*LISTED RECORDS:*
• • • • • • •

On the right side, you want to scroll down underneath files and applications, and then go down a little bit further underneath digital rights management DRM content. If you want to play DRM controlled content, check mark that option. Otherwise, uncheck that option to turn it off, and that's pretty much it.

• • • • • • •

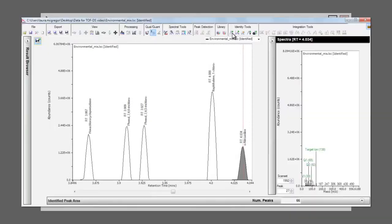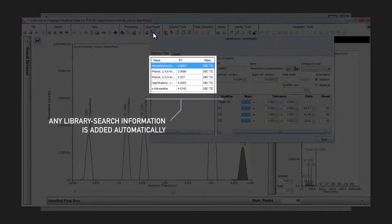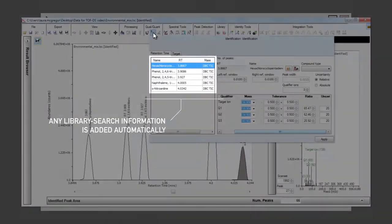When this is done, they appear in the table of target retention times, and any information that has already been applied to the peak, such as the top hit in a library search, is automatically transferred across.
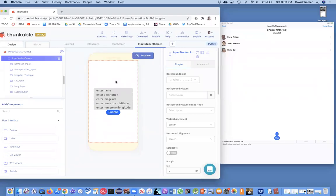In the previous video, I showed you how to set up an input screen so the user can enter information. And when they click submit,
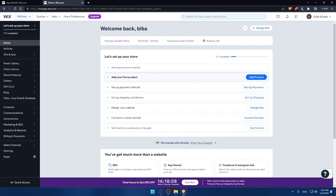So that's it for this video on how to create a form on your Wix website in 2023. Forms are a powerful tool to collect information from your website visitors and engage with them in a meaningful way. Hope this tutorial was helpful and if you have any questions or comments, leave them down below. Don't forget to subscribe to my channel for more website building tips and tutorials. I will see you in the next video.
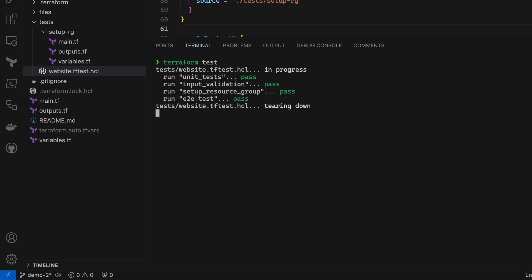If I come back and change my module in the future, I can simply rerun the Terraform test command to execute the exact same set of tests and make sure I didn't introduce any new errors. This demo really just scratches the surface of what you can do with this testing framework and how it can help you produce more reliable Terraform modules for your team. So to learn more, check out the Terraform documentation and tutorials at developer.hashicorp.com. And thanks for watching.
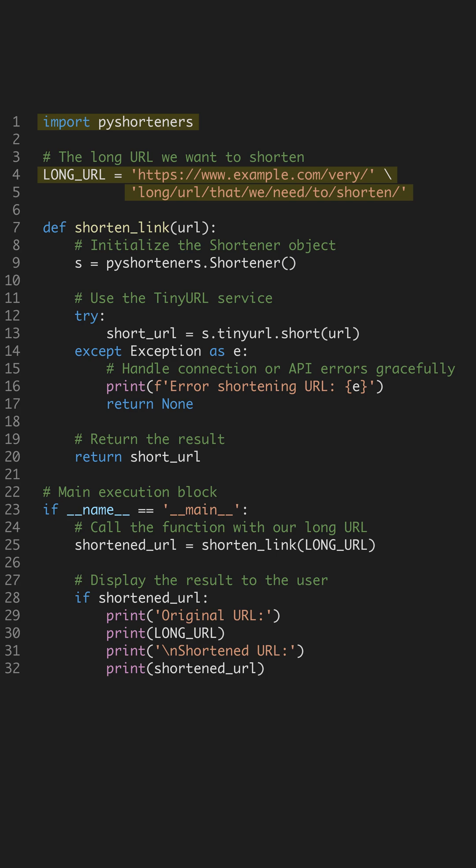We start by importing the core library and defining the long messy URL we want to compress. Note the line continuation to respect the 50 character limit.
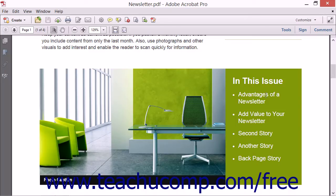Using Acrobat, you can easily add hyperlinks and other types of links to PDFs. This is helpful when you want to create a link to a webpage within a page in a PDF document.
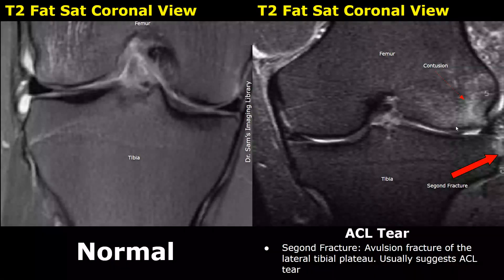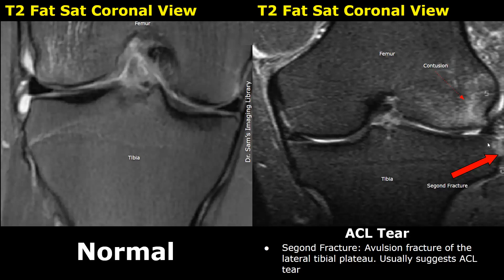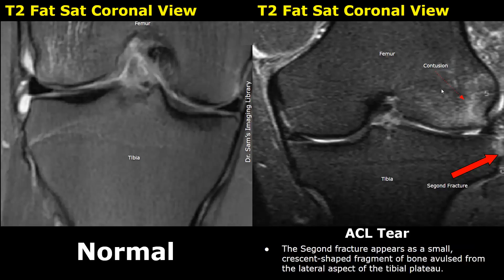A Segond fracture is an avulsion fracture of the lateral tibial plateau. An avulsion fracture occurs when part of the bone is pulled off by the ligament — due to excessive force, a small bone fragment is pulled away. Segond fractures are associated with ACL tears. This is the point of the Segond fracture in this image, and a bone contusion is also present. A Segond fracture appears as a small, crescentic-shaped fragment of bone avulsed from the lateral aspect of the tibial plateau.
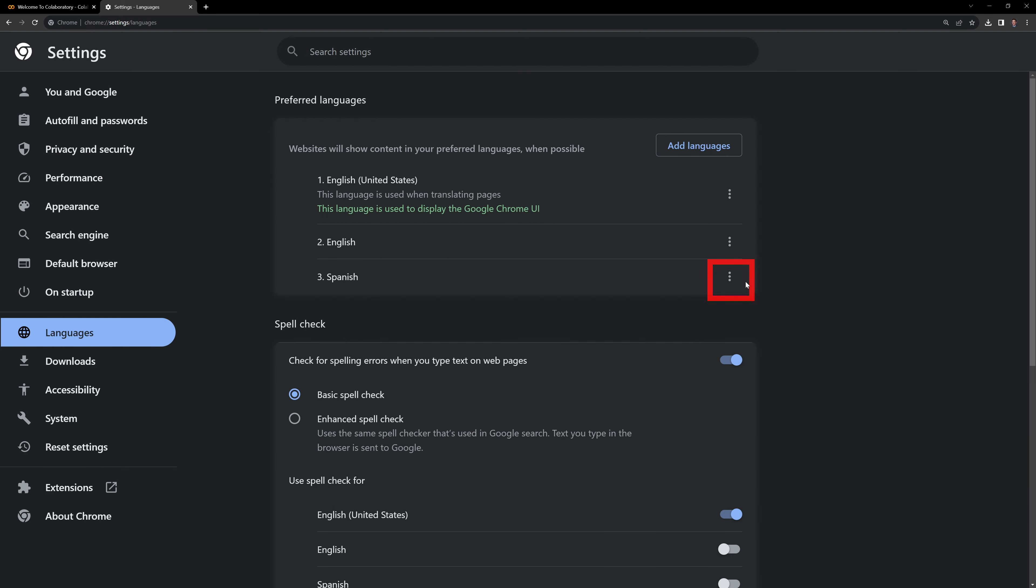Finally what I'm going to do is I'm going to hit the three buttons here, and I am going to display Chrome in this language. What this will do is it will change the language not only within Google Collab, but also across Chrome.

• • • • • • •

*GOAL OF THE EXERCISE:*
Start with the line with "A Segond fracture is" in the listing above and stop after the line with "Finally what I'm". Write out exactly the lines in that stretch and no others, without pictures.

*RESULT:*
A Segond fracture is an avulsion fracture of the lateral tibial plateau. An avulsion fracture occurs when part of the bone is pulled off by the ligament — due to excessive force, a small bone fragment is pulled away. Segond fractures are associated with ACL tears. This is the point of the Segond fracture in this image, and a bone contusion is also present. A Segond fracture appears as a small, crescentic-shaped fragment of bone avulsed from the lateral aspect of the tibial plateau.
Finally what I'm going to do is I'm going to hit the three buttons here, and I am going to display Chrome in this language. What this will do is it will change the language not only within Google Collab, but also across Chrome.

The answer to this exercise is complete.